MediaWorks’ receivership highlights the risks of excessive leverage.

It also shows that financial institutions may not learn from past mistakes as a bank that was badly burnt by TV3’s first receivership was also a lender to the company’s highly leveraged private equity structure.

But the big question is, why was MediaWorks placed in receivership when the current restructuring appears to be fairly similar to the company’s 2009 recapitalisation?

Has the latest receivership been solely driven by MediaWorks’ desire to avoid paying $22 million to the IRD?

TV3 Network, which was incorporated in October 1987, was New Zealand’s first commercial television operator.

It went to air on November 28, 1989 and listed on the NZX seven days later after an IPO at $2.50 a share. NBC, the giant US network, had a 14.9 per cent shareholding; remaining shares were held by domestic institutions, companies and individuals.

There was a 15 per cent overseas ownership cap on broadcasting companies at the time.

The company struggled to compete against a revitalised TVNZ and was placed into receivership by Westpac on May 2, 1990.

Its share price briefly traded above the $2.50-a-share IPO price but it had dropped below 10c by mid-1990, just before the company was delisted.

TV3 continued to broadcast while in receivership as Westpac converted a large amount of its loans to equity. The Government lifted the foreign ownership cap from 15 per cent to 49 per cent in 1991 in response to TV3’s problems and CanWest, the huge Winnipeg-based media group, bought a 20 per cent shareholding in December 1991.

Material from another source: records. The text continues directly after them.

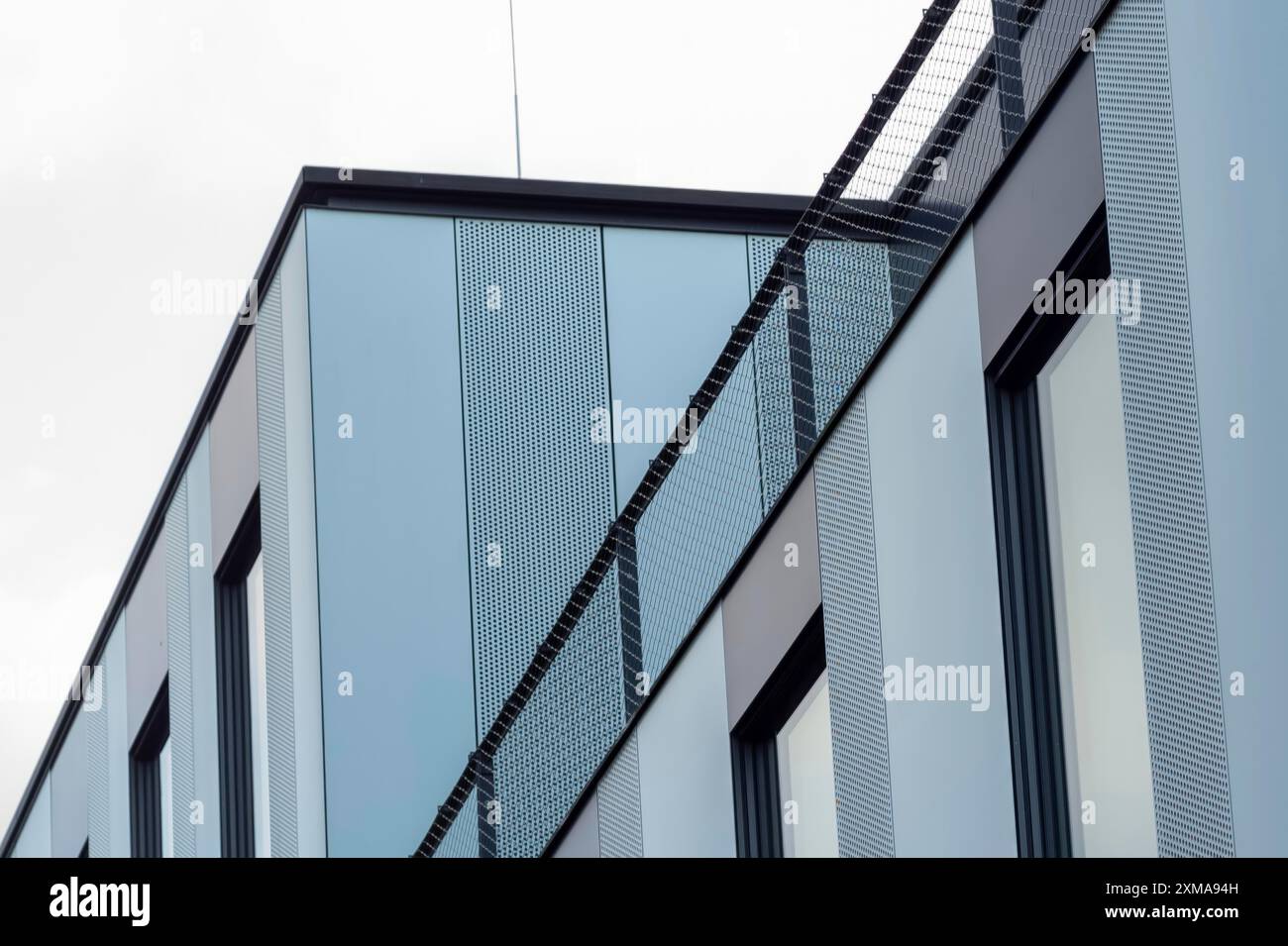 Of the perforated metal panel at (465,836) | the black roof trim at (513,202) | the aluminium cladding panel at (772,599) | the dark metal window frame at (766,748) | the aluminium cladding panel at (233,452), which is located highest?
the black roof trim at (513,202)

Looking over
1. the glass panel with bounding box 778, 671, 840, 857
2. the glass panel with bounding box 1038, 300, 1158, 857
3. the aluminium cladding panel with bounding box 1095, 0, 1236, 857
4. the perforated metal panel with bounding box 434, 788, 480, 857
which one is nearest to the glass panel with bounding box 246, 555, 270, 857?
the perforated metal panel with bounding box 434, 788, 480, 857

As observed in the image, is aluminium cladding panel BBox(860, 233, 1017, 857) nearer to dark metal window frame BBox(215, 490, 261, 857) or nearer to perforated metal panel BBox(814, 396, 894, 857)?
perforated metal panel BBox(814, 396, 894, 857)

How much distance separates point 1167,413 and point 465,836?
328 inches

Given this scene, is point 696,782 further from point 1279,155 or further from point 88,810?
point 88,810

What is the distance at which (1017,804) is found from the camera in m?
9.14

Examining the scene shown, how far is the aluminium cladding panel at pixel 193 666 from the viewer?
20.4 m

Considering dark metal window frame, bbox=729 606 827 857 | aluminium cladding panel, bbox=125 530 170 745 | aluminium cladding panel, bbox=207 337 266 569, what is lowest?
dark metal window frame, bbox=729 606 827 857

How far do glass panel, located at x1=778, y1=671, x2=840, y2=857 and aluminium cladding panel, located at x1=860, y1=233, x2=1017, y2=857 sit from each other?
40.6 inches

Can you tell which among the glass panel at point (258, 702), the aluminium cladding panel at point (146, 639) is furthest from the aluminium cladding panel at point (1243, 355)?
Answer: the aluminium cladding panel at point (146, 639)

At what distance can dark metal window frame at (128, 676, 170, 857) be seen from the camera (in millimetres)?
22719

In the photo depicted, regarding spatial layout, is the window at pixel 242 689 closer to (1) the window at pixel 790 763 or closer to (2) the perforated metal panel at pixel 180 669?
(2) the perforated metal panel at pixel 180 669

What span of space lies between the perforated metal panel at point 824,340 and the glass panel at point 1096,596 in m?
1.43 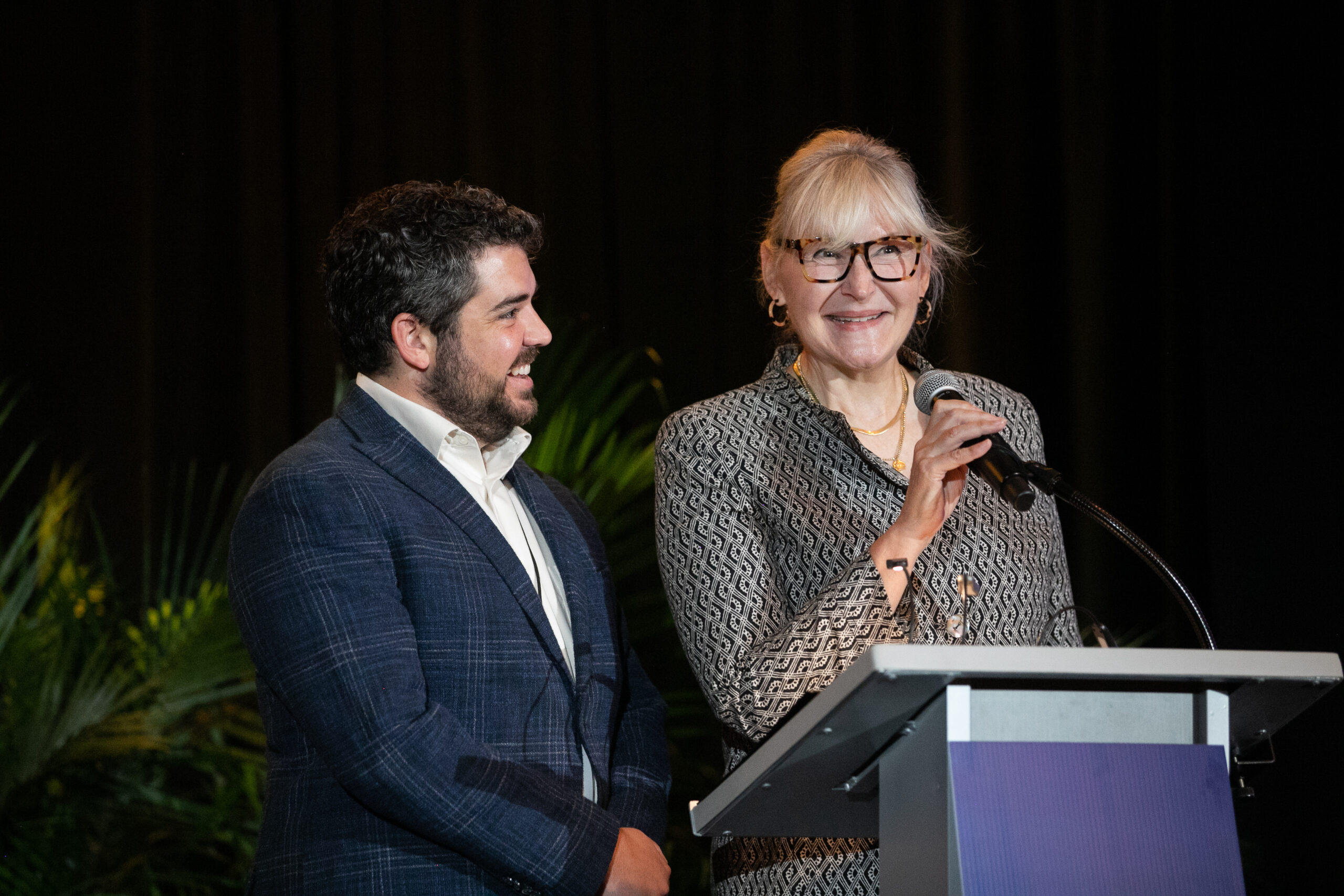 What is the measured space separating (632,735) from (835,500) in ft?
1.55

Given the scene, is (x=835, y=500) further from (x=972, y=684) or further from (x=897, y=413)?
(x=972, y=684)

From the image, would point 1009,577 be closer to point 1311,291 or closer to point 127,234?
point 1311,291

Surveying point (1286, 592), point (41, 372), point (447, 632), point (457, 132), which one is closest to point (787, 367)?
point (447, 632)

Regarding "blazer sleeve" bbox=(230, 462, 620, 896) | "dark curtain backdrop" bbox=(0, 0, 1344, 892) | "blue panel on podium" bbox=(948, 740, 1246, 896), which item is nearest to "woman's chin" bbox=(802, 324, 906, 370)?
"blazer sleeve" bbox=(230, 462, 620, 896)

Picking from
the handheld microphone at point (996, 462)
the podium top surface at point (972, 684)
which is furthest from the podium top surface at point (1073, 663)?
the handheld microphone at point (996, 462)

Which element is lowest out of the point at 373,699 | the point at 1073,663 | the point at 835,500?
the point at 373,699

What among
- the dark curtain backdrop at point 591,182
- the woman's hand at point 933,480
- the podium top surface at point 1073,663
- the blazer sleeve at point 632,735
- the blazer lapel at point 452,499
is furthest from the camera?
the dark curtain backdrop at point 591,182

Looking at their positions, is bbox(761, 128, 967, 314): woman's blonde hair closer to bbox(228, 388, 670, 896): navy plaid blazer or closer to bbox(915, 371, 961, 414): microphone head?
bbox(915, 371, 961, 414): microphone head

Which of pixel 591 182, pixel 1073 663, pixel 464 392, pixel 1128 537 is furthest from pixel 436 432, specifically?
pixel 591 182

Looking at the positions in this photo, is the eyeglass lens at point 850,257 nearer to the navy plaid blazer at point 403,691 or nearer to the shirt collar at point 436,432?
the shirt collar at point 436,432

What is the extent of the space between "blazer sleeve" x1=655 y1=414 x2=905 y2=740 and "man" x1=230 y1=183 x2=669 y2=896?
0.20 metres

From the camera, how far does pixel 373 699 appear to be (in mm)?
1543

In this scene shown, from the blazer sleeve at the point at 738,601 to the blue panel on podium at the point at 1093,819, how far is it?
447 mm

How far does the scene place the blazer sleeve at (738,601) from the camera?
1553 mm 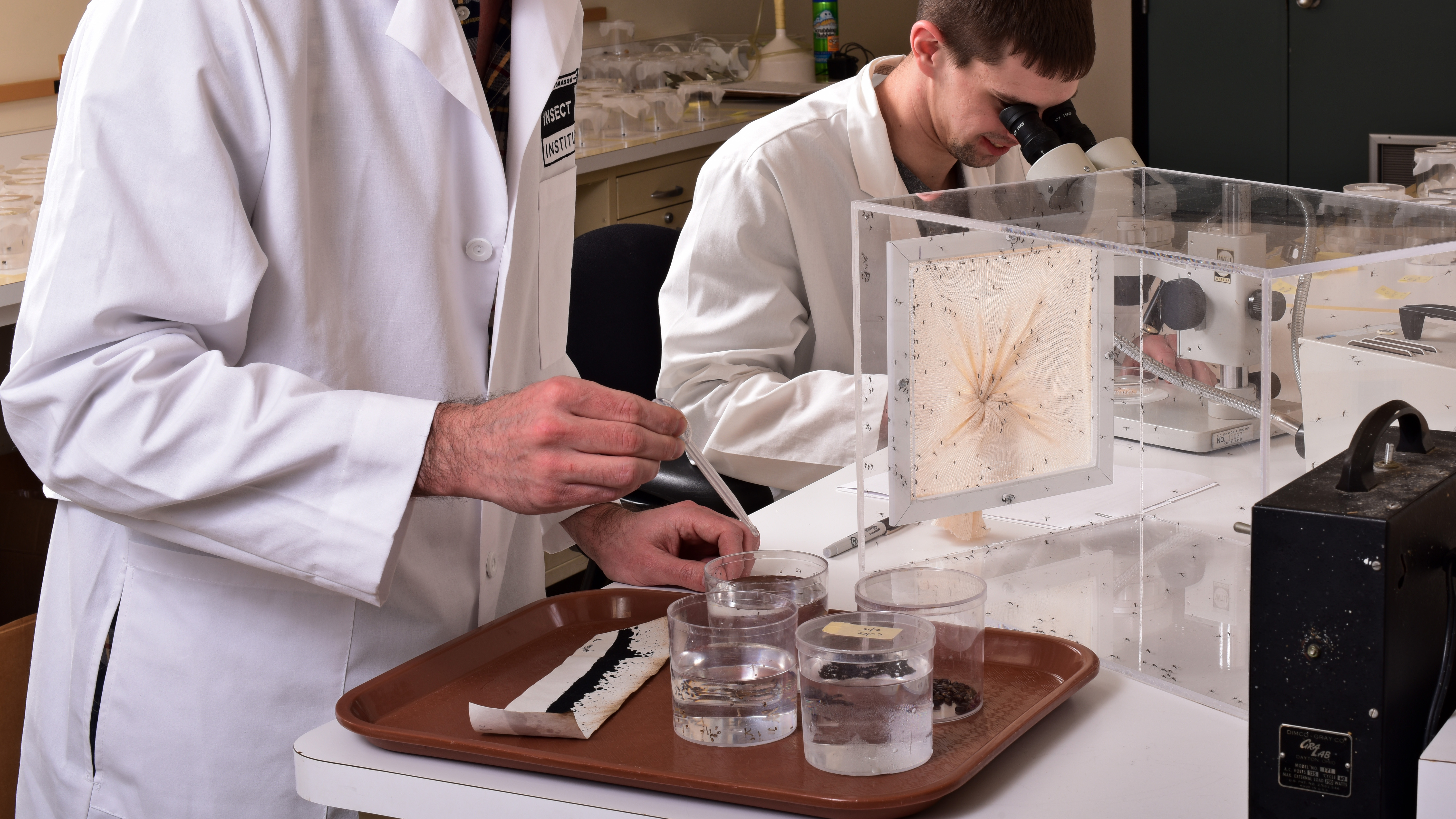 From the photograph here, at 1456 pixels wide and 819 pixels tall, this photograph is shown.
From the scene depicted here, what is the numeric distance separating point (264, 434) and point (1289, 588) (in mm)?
641

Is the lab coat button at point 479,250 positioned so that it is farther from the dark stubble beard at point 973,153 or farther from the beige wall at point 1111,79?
the beige wall at point 1111,79

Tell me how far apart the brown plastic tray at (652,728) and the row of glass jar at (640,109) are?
2.47 meters

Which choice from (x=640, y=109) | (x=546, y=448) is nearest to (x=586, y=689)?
(x=546, y=448)

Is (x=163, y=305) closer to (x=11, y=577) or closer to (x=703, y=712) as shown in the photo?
(x=703, y=712)

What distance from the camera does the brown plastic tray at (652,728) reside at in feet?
2.49

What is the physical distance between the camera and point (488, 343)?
1096 millimetres

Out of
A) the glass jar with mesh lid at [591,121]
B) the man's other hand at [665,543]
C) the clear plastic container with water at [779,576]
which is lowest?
the man's other hand at [665,543]

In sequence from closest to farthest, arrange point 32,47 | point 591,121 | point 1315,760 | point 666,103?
point 1315,760 → point 32,47 → point 591,121 → point 666,103

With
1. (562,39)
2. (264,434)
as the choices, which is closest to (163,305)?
(264,434)

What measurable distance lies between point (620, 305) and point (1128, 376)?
1.06m

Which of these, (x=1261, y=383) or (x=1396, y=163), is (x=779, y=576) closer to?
(x=1261, y=383)

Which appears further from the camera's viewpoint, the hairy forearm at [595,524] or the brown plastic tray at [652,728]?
the hairy forearm at [595,524]

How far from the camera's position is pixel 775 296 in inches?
70.1

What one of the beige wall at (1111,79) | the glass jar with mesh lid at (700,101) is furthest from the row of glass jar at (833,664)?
the beige wall at (1111,79) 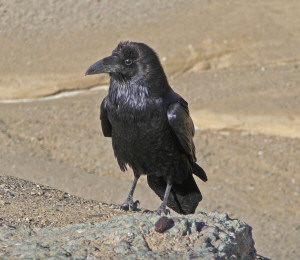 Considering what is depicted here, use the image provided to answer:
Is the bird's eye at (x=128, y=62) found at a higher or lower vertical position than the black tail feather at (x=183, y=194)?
higher

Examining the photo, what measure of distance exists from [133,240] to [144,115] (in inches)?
74.6

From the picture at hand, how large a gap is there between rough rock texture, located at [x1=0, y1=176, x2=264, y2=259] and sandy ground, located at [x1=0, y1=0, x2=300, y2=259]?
5.50 metres

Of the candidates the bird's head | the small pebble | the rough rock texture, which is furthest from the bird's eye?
the small pebble

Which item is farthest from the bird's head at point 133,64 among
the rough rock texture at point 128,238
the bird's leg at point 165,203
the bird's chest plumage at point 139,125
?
the rough rock texture at point 128,238

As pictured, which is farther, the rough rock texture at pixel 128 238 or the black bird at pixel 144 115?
the black bird at pixel 144 115

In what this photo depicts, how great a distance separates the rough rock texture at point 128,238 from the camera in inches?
176

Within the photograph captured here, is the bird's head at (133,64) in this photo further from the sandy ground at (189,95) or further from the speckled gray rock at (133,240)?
the sandy ground at (189,95)

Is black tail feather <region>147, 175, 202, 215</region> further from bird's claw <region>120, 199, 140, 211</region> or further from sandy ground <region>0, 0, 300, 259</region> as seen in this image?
sandy ground <region>0, 0, 300, 259</region>

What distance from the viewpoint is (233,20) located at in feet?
52.5

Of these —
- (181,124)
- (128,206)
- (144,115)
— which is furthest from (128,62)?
(128,206)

After the foreign ownership cap was removed, CanWest bought a further 48 per cent of TV3 from Westpac in April 1997 and the remaining 32 per cent later that year.

Meanwhile, it began accumulating New Zealand radio assets in 1997 when it purchased More FM. Three years later, it bought a 72 per cent stake in the NZX-listed RadioWorks New Zealand, acquiring the remaining 28 per cent in January 2001.

Steven Joyce, now Minister of Economic Development, was RadioWorks’ managing director at the time of the CanWest acquisition.

TV3 relisted on the domestic sharemarket in July 2004 after CanWest sold a 30 per cent stake in MediaWorks to New Zealand investors at $1.53 a share.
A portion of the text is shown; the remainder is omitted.